Note that power monitors capture the real and reactive power flow along the lines between specific nodes. Likewise, voltage monitors capture the voltage magnitude and voltage phase angle at specific nodes.

Power Flow Simulation to Establish Baseline Datasets

For purposes of performing a power flow simulation of the test feeder system to gather the power and voltage at each bus, OpenDSS from Electric Power Research Institute, Inc. (EPRI) was chosen. Note that the convention in OpenDSS is that Phase-1, Phase-2 and Phase-3 represent phases a, b, and c, respectively.

It was decided that the loads within the test distribution feeder would be varied over a time period of a year (8760 h) to yield a time-series dataset corresponding to the power and voltage as discussed previously.

To vary the base loads in a realistic manner, historical data from the Electric Reliability Council of Texas (ERCOT) as obtained. The load data for the entire ERCOT grid for every hour of the entire year of 2018 was selected. The ERCOT load dataset was then used to realistically scale the power (P and Q values) at each node that contains a load to establish the needed variation over a period of a year.

Note that “ERCOT” will be used as the baseline load profile, and all references to ERCOT datasets have their origin from the baseline power flow simulation of the test distribution system performed with varying loads according to this load profile.

OpenDSS (version 9.1.0.1, 64-bit build) was then utilized to perform a power flow simulation of the test feeder distribution system with varying load, and the real power, reactive power, voltage magnitudes and voltage phase angles were exported as power and voltage datasets. This exported data would serve as the input and target datasets from the test system under normal conditions. Training and testing of the neural networks types would be based upon this data.

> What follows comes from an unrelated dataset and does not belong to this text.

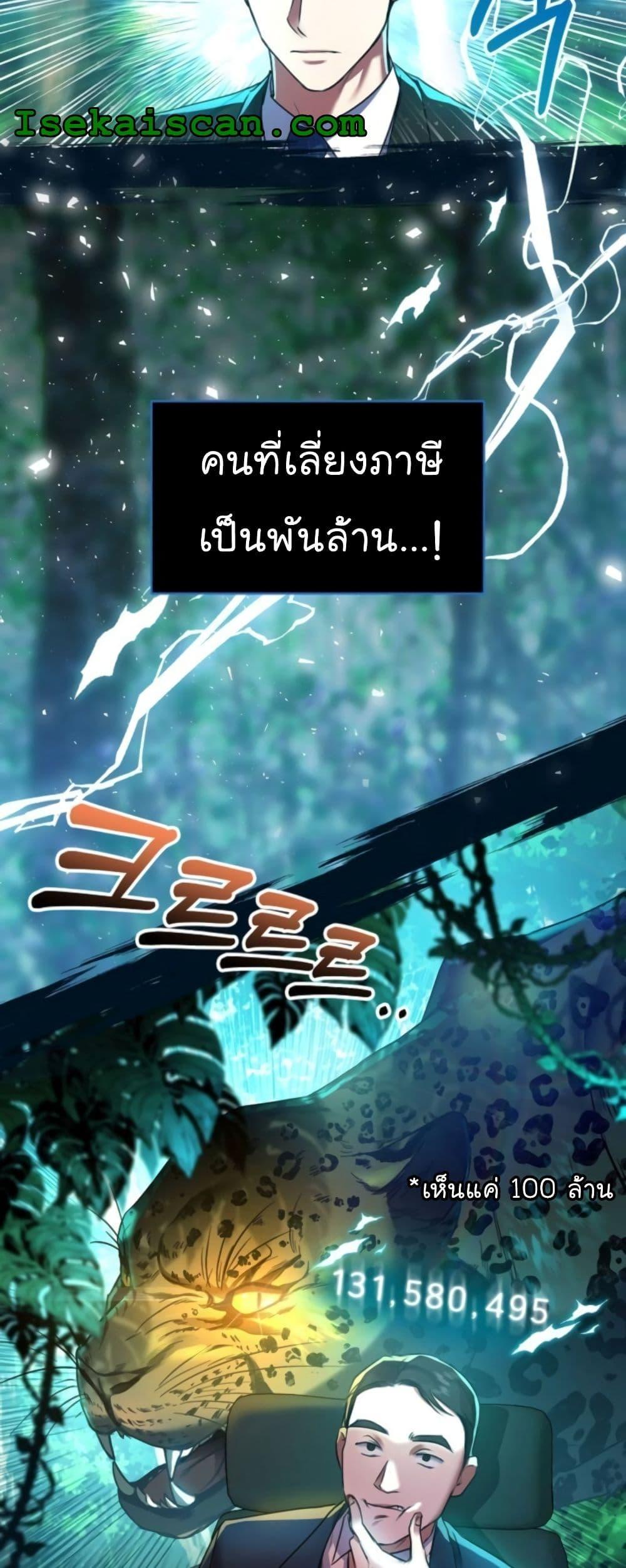 อ่านมังงะ The Bastard of National Tax Service ตอนที่ 14/49.jpg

Power Flow Simulation to Establish Previously Unseen Datasets

The previous steps related to performing a power flow simulation with OpenDSS were repeated with a different load profile to establish previously unseen data for validating the various neural network types.

Note that “COAST” will be used in descriptions of datasets that have their origin from the power flow simulation of the test distribution system performed with varying loads according to this load profile.

State Estimation Based Upon Regression

Conventional MLP Models were utilized to perform regression to map power data (real and reactive power) as inputs to voltage (voltage magnitudes and phase angles) as outputs. Utilization of MLPs for this purpose is reasonable given the ability of a suitable MLP to perform as a “universal function approximator”. This approach, however does not take into consideration time-series features of data such as seasonality.

For purposes of training a supervised MLP neural network to perform regression, it was decided that the power (real and reactive) at each bus for all 3 phases would be measured and deemed the “input” dataset. The voltage and phase angle at each bus for all 3 phases was selected to be measured and deemed the “target” dataset.

• Each dataset has the following characteristics:

◦ General Structure: (#samples, #features)

◦ Input Dataset Dimensions: (8760, 56)

◦ Target Dataset Dimensions: (8760, 56)

• Data would be split into 70% for Training and Testing data would be set to 30%.

◦ General Structure: (#samples, #features)

◦ Input Power Training Dimensions: (6132, 56)

◦ Input Power Testing Dimensions: (2628, 56)

◦ Output Voltage Training Dimensions: (6132, 56)

◦ Output Voltage Testing Dimensions: (2628, 56)

• The data included in the Training and Testing datasets were randomly selected as MLP network models were to perform regression without consideration of the temporal nature of the data.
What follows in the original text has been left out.